Hecate is named after the ancient Greek deity of the same name (Thessalian in origin). Hecate was worshiped in several aspects. Hecate Trioditis protected junctions where three roads met. She was a northern fertility and mother goddess. Some claim her followers were the first to practice witchcraft as it's ‘known’ today (nothing like Wicca, and I'll happily bind your flames to /dev/null, blessed be). Her triple nature is evidenced all over Greek mythology and Hecate appears as various other goddesses. Just look for triple goddesses, above and beyond the Olympian gods and you'll see. Bonus points for spotting the maiden-mother-crone ones.
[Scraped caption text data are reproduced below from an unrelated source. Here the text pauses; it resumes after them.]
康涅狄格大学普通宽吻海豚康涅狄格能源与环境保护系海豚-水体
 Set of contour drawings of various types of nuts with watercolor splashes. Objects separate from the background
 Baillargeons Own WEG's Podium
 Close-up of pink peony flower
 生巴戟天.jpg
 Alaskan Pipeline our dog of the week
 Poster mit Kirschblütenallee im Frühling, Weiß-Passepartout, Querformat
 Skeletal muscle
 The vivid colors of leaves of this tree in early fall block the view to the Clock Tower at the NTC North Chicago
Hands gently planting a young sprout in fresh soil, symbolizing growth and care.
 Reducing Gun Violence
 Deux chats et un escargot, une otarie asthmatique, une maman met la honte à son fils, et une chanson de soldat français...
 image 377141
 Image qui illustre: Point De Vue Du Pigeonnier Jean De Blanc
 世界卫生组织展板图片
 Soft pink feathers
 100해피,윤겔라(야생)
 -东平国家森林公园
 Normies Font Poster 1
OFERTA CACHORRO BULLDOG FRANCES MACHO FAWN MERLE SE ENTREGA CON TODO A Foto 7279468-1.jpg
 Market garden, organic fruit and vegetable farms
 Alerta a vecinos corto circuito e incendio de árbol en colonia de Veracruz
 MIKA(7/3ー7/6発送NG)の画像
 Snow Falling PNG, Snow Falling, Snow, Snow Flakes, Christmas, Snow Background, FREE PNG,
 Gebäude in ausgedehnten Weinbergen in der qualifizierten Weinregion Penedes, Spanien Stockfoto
Hecate, of course, is a lunar goddess. With Hecate connecting three networks together, her name again makes sense: she's at the junction of our old, coaxial segment, our newer 100 Mbit Ethernet, and the outside world, whatever that is.

Change Log

2002-07-04
Planned downtime for Hecate. I did general preventive maintenance and cleaning. Changed an aging CPU fan in the process. I also installed 64 Mbytes of SDRAM (from Vennëa's old memory configuration), increasing the machine's main memory to 160 Mbytes. Finally, I installed a faster 100BaseTX card for the internal fast subnet (it's an SMC implementation of the DEC 21114 chipset, which is pretty nippy).